■ **Work instructions**
Write out every record in full, exactly as written, please.
·····
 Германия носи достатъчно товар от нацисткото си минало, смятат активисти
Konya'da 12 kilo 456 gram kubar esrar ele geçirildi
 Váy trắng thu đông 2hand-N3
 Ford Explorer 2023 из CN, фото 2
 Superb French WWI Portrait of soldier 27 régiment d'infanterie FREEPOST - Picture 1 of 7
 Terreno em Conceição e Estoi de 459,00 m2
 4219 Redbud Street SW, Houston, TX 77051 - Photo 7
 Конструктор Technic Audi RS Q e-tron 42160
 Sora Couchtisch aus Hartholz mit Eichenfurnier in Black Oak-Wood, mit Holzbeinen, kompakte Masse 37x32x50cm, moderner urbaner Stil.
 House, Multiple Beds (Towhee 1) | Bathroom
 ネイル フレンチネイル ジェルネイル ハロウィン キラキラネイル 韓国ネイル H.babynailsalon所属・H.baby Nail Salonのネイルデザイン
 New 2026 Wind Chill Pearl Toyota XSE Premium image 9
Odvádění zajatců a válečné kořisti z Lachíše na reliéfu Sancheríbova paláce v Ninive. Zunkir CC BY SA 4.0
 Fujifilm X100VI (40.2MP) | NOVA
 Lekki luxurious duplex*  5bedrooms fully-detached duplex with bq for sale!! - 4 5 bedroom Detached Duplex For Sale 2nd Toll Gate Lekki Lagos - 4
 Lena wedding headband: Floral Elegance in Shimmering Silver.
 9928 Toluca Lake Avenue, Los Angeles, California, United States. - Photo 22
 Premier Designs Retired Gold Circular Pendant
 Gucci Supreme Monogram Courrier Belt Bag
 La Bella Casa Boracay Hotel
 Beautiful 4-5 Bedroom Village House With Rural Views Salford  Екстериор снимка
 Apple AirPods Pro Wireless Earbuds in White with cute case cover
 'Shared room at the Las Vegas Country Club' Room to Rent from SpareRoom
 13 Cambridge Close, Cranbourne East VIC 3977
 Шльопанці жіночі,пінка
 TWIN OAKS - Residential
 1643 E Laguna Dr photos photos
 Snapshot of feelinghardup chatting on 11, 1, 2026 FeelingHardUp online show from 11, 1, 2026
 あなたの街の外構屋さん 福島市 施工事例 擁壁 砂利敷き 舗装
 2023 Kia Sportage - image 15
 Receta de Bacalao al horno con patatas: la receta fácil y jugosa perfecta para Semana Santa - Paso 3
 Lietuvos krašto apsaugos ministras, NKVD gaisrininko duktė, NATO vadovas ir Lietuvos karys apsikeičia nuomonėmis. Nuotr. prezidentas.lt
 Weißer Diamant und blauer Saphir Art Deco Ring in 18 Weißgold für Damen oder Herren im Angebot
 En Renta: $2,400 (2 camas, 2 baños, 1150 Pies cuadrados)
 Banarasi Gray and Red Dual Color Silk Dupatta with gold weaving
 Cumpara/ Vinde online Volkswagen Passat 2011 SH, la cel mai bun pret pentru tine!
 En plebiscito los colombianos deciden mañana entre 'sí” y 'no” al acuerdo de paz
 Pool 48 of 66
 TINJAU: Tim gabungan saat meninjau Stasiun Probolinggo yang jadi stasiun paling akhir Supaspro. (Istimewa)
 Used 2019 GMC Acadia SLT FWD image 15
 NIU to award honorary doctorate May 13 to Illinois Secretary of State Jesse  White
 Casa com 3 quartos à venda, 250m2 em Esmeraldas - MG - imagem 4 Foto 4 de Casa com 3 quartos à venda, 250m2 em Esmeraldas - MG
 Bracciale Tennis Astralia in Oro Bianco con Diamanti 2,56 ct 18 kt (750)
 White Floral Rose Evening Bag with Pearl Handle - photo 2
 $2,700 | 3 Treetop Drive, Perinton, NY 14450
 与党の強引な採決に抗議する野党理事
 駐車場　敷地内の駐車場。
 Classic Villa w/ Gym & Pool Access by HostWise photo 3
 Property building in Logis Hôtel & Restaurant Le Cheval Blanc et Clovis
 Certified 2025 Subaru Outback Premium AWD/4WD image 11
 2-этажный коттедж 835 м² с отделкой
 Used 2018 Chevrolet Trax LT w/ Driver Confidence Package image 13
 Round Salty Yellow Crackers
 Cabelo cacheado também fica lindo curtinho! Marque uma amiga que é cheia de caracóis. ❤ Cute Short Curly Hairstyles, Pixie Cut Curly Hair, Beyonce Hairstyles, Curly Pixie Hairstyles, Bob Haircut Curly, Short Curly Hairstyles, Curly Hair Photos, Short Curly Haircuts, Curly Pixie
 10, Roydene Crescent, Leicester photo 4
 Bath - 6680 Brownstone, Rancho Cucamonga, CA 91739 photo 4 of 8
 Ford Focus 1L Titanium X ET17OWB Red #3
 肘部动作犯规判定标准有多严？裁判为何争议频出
·····
■ **Answer to the exercise**
 Германия носи достатъчно товар от нацисткото си минало, смятат активисти
Konya'da 12 kilo 456 gram kubar esrar ele geçirildi
 Váy trắng thu đông 2hand-N3
 Ford Explorer 2023 из CN, фото 2
 Superb French WWI Portrait of soldier 27 régiment d'infanterie FREEPOST - Picture 1 of 7
 Terreno em Conceição e Estoi de 459,00 m2
 4219 Redbud Street SW, Houston, TX 77051 - Photo 7
 Конструктор Technic Audi RS Q e-tron 42160
 Sora Couchtisch aus Hartholz mit Eichenfurnier in Black Oak-Wood, mit Holzbeinen, kompakte Masse 37x32x50cm, moderner urbaner Stil.
 House, Multiple Beds (Towhee 1) | Bathroom
 ネイル フレンチネイル ジェルネイル ハロウィン キラキラネイル 韓国ネイル H.babynailsalon所属・H.baby Nail Salonのネイルデザイン
 New 2026 Wind Chill Pearl Toyota XSE Premium image 9
Odvádění zajatců a válečné kořisti z Lachíše na reliéfu Sancheríbova paláce v Ninive. Zunkir CC BY SA 4.0
 Fujifilm X100VI (40.2MP) | NOVA
 Lekki luxurious duplex*  5bedrooms fully-detached duplex with bq for sale!! - 4 5 bedroom Detached Duplex For Sale 2nd Toll Gate Lekki Lagos - 4
 Lena wedding headband: Floral Elegance in Shimmering Silver.
 9928 Toluca Lake Avenue, Los Angeles, California, United States. - Photo 22
 Premier Designs Retired Gold Circular Pendant
 Gucci Supreme Monogram Courrier Belt Bag
 La Bella Casa Boracay Hotel
 Beautiful 4-5 Bedroom Village House With Rural Views Salford  Екстериор снимка
 Apple AirPods Pro Wireless Earbuds in White with cute case cover
 'Shared room at the Las Vegas Country Club' Room to Rent from SpareRoom
 13 Cambridge Close, Cranbourne East VIC 3977
 Шльопанці жіночі,пінка
 TWIN OAKS - Residential
 1643 E Laguna Dr photos photos
 Snapshot of feelinghardup chatting on 11, 1, 2026 FeelingHardUp online show from 11, 1, 2026
 あなたの街の外構屋さん 福島市 施工事例 擁壁 砂利敷き 舗装
 2023 Kia Sportage - image 15
 Receta de Bacalao al horno con patatas: la receta fácil y jugosa perfecta para Semana Santa - Paso 3
 Lietuvos krašto apsaugos ministras, NKVD gaisrininko duktė, NATO vadovas ir Lietuvos karys apsikeičia nuomonėmis. Nuotr. prezidentas.lt
 Weißer Diamant und blauer Saphir Art Deco Ring in 18 Weißgold für Damen oder Herren im Angebot
 En Renta: $2,400 (2 camas, 2 baños, 1150 Pies cuadrados)
 Banarasi Gray and Red Dual Color Silk Dupatta with gold weaving
 Cumpara/ Vinde online Volkswagen Passat 2011 SH, la cel mai bun pret pentru tine!
 En plebiscito los colombianos deciden mañana entre 'sí” y 'no” al acuerdo de paz
 Pool 48 of 66
 TINJAU: Tim gabungan saat meninjau Stasiun Probolinggo yang jadi stasiun paling akhir Supaspro. (Istimewa)
 Used 2019 GMC Acadia SLT FWD image 15
 NIU to award honorary doctorate May 13 to Illinois Secretary of State Jesse  White
 Casa com 3 quartos à venda, 250m2 em Esmeraldas - MG - imagem 4 Foto 4 de Casa com 3 quartos à venda, 250m2 em Esmeraldas - MG
 Bracciale Tennis Astralia in Oro Bianco con Diamanti 2,56 ct 18 kt (750)
 White Floral Rose Evening Bag with Pearl Handle - photo 2
 $2,700 | 3 Treetop Drive, Perinton, NY 14450
 与党の強引な採決に抗議する野党理事
 駐車場　敷地内の駐車場。
 Classic Villa w/ Gym & Pool Access by HostWise photo 3
 Property building in Logis Hôtel & Restaurant Le Cheval Blanc et Clovis
 Certified 2025 Subaru Outback Premium AWD/4WD image 11
 2-этажный коттедж 835 м² с отделкой
 Used 2018 Chevrolet Trax LT w/ Driver Confidence Package image 13
 Round Salty Yellow Crackers
 Cabelo cacheado também fica lindo curtinho! Marque uma amiga que é cheia de caracóis. ❤ Cute Short Curly Hairstyles, Pixie Cut Curly Hair, Beyonce Hairstyles, Curly Pixie Hairstyles, Bob Haircut Curly, Short Curly Hairstyles, Curly Hair Photos, Short Curly Haircuts, Curly Pixie
 10, Roydene Crescent, Leicester photo 4
 Bath - 6680 Brownstone, Rancho Cucamonga, CA 91739 photo 4 of 8
 Ford Focus 1L Titanium X ET17OWB Red #3
 肘部动作犯规判定标准有多严？裁判为何争议频出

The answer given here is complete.